El edificio en pie descansa sobre el fondo rocoso. Este reposo de la obra extrae de la roca lo oscuro de su soportar tan tosco y pujante para nada. En pie hace frente a la tempestad que se enfurece contra él y así muestra la tempestad sometida a su poder. El brillo y la luminosidad de la piedra aparentemente debidas a la gracia del sol, sin embargo, hacen que se muestre la luz del día, la amplitud del cielo, lo sombrío de la noche. Su firme prominencia hace visible el espacio invisible del aire.

Sin edificio, la potencia portante de la roca no sería patente, ni visible la brillantez de la luz del sol o la amplitud del espacio ante el cual se yergue. Para Heidegger, el poder de la obra arquitectónica, como de hecho el de la obra de arte en general, es esa revelación, ese hacer patente lo que ya está ahí de algún modo. Pero la visibilidad de la que habla Deleuze a partir de Foucault es distinta. La arquitectura, dice, “es un lugar de visibilidad. La arquitectura dispone las visibilidades. La arquitectura es la instauración de un campo de visibilidad.” La prisión instaura el campo que hace visible de un lado al preso y del otro al guardia que lo vigila. El hospital hace visible al enfermo para el médico, pero también al médico clínico como tal; y la escuela lo hace con el estudiante y el maestro. Pero esa visibilidad no revela, en el sentido que supone Heidegger, sino que produce. Y, por tan-to Deleuze, dirá que “«ver» no es el ejercicio empírico del ojo, sino construir visibilidades, ver o hacer ver.” Antes de la prisión, no había preso ni guardia, como no había enfermo ni médico clínico antes del hospital. “Las visibilidades, sigue Deleuze, no son cosas entre las demás cosas y las visiones, las evidencias, no son acciones entre las otras, sino que son la condición bajo la cual surge toda acción, toda pasión.”

La prisión entonces, “es una forma de la luz”, “una distribución de luz y de sombra antes de ser un montón de piedras.” Y la arquitectura, entendida así, no sólo nos pone en nuestro lugar sino que, al hacerlo, nos expone, nos exhibe no como lo que somos sino como lo que seremos por el hecho mismo de estar ahí, así, en ese lugar: el preso, el guardia, el loco, el médico.
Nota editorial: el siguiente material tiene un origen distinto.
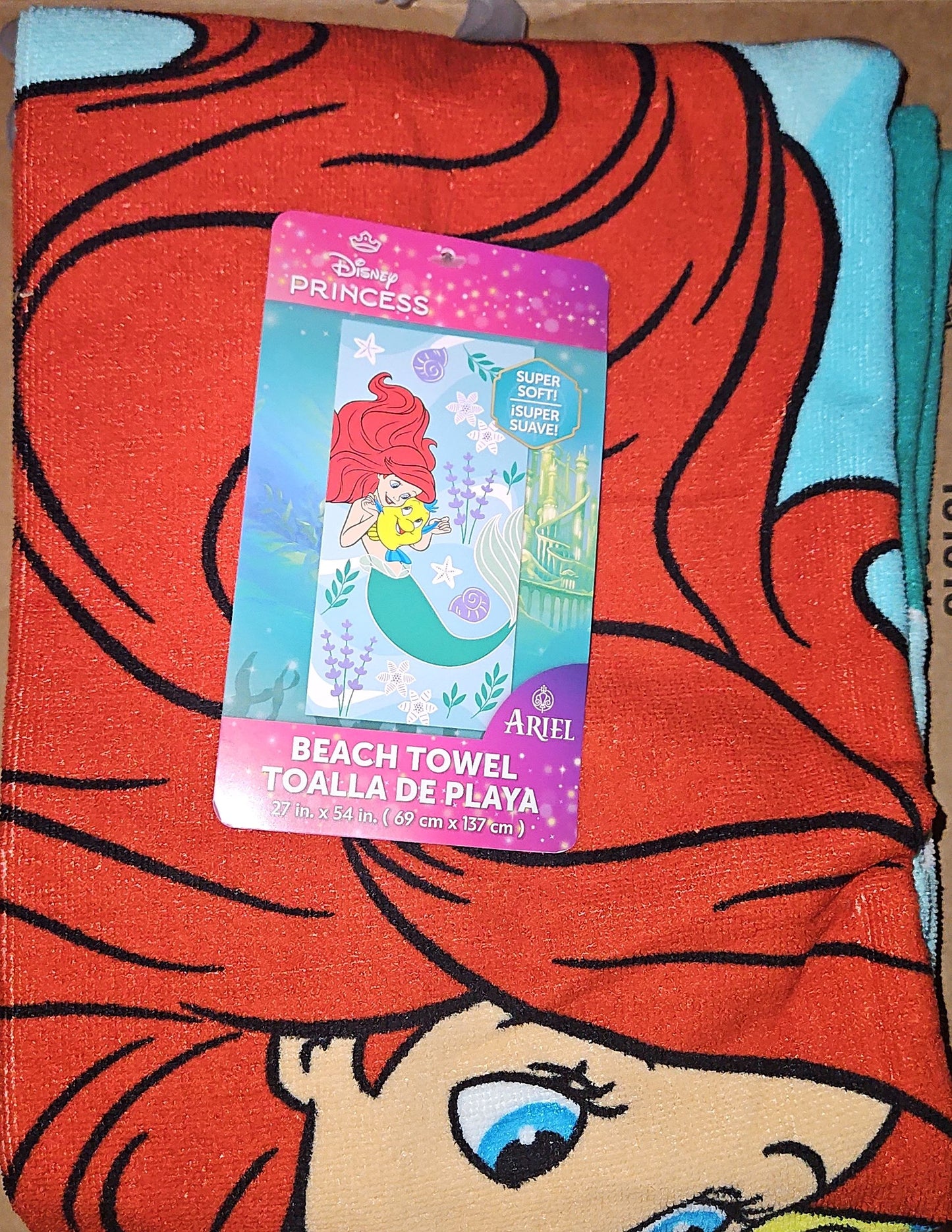 Beach Towels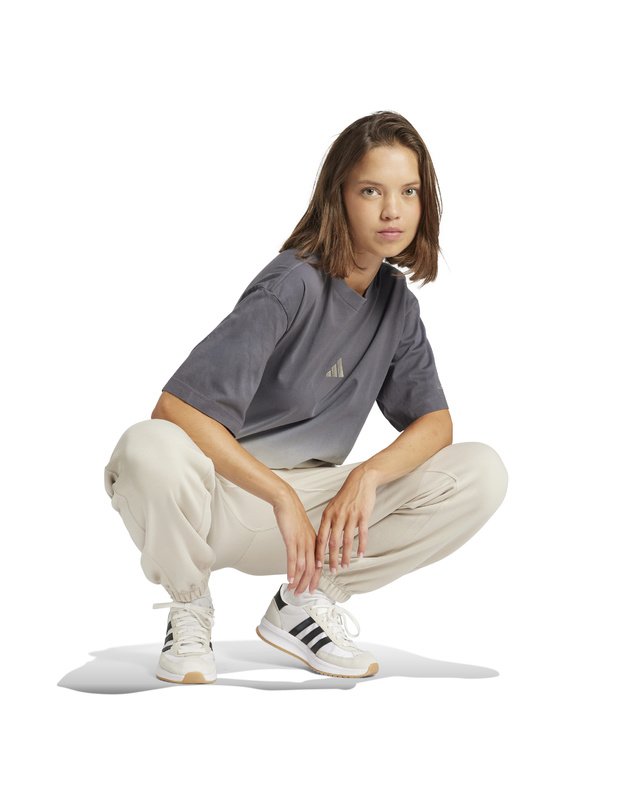 ADIDAS W ALL SZN A  marškinėliai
Pero hay algo más, pues Deleuze plantea que para Foucault existe una diferencia entre lo dibujado y lo dicho, entre lo visto y lo enunciado, entre lo visible y lo enunciable, y que eso significa que “nunca se ve eso de lo que se habla y nunca se habla de eso que se ve.”En su libro What is architecture? An Essay on Lan-scapes, Buildings, and Machines, Paul Shepheard planteó que la arquitectura es un hecho conclusivo o, dicho de otro modo, que es lo que es,no lo que decimos que sea. Lo paradójico es que lo dijo en un libro muy bien escrito lleno de relatos, anécdotas e historias. En su segundo libro, The Cultivated Wilderness, Or: What is Landscape? Shepheard describe así el Panteón en Roma:

Medio domo esférico vacío de 150 pies romanos de diámetro, truncado en su ecuador y colocado sobre una alta rotonda. La única luz entra a través del óculo circular de 27 pies de diámetro en el polo del domo, que proyecta un brillante círculo de luz solar en el interior del domo. El círculo lentamente recorre su camino alrededor del edificio en tanto el día sigue su curso, midiendo el progreso de la tierra en su órbita alrededor del sol: los casetones al interior del domo producen profundas sombras al borde del círculo que puede percibirse deslizándose de uno a otro. Alguien parado al interior del Panteón puede ver a la Tierra moverse.

¿Puede? El Panteón en Roma es una especie de panóptico vacío, o al revés, el panóptico es un panteón lleno con la mirada del vigía. Uno es el espacio donde todos están sometidos a la mirada del inspector, el otro el espacio donde se rinde culto a todos los dioses y, según Shepheard, se puede ver a la Tierra moverse. Cuando Bentham describe al panóptico como “una habitación circular o, más bien, un apartamento anular”, habla de una apertura central que servirá para iluminar el espacio del inspector pero de manera que “ninguna vista en absoluto se pueda obtener desde las celdas de lo que sucede en su interior, al mismo tiempo que la persona en esa habitación, aplicando su ojo de cerca a cualquiera de las mirillas, pueda obtener una visión perfectamente definida de las celdas correspondientes.” Y en una nota al pie de página menciona expresamente al Panteón en Roma, su óculo y la luz que deja entrar. El hecho es que, con y contra Shepheard, podemos preguntarnos si lo que vemos en el Panteón es que la Tierra se mueve o si eso es lo que decimos del edificio sin poderlo ver —lo que vemos que se mueve es la luz: no el edificio ni, por supuesto, la Tierra.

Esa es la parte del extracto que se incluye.